SPIN — January 1995

Tom Petty | Wildflowers | Warner Bros
Review by Jim Greer
SPIN — January 1995

I had intended to download “You Don’t Know How It Feels” off Tom Petty’s latest album (second solo record, I guess, although distinguishing either of those from Heartbreaker-associated efforts seems close to pointless, unless you happen to be a Heartbreaker) from America Online, but when I found the process would take “approximately 1.3 hours,” I decided just to listen to the tape a few more times. Although I wondered if something as organic as listening to a Tom Petty album would be altered significantly by hearing it trickle tinnily from my ancient Mac SE, it turned out to not really matter; I had just as hard a time trying to hear the record through the mechanical precision of Rick Rubin’s production.

Petty has an evocative voice, and writes great, simple melodies. These are his strong points, and both are amply in evidence on Wildflowers.

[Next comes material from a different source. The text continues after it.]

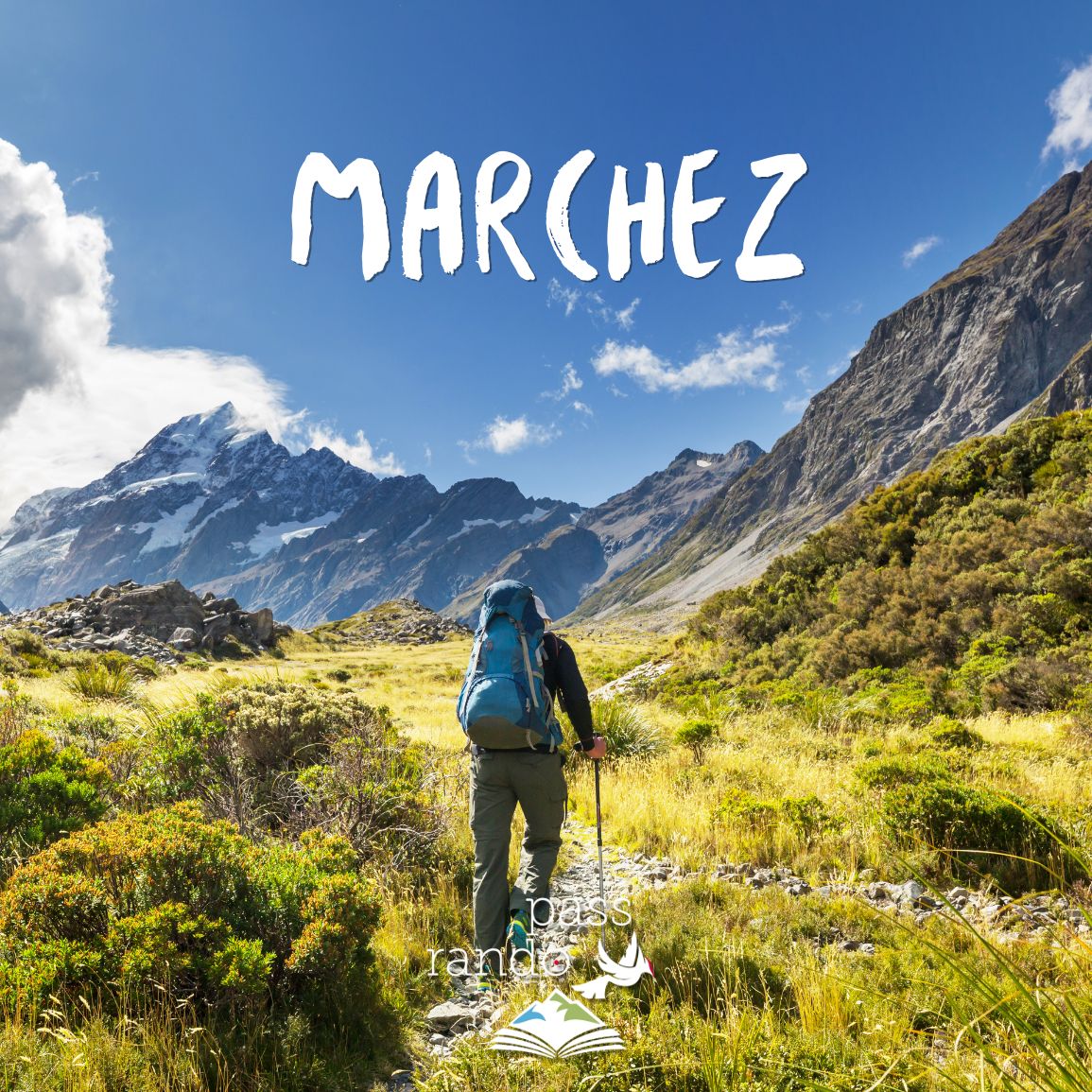 Photo d'un randonneur de dos avec des batons de marche, dans la montagne avec comme illustration le mot marchez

Also in evidence are crisply recorded acoustic guitars, big fat fucking drums, and a churchy, pristine stuffiness that’s just about tolerable on the folk numbers, but swallows up all attempts to capture some of the starkness of Johnny Cash’s latest (also produced by Rubin, with better results — where Cash needed some straightening out, Petty could benefit from a looser treatment of his naturally laid-back style). As a result, Petty’s well-aged sense of slack has been partly blunted on Wildflowers by the reverence with which the music has been approached.

Nonetheless, there’s no denying the languid grace of Petty’s songwriting. “Hard on Me,” “To Find a Friend,” and the title track are particularly fine, and even the fatuous strings and less-than-inspired lyrics of “A Higher Place” can’t conceal the quality of its craftsmanship. I know that such things as sincerity and honestly are hallmarks of the strain of American rock that both Petty and Rubin practice, but I’ve always preferred the more straight-forward pop sensibility of such Petty songs as “Into the Great Wide Open” and “American Girl.” As enjoyable a record as Wildflowers turns out to be, a little immaturity might have helped.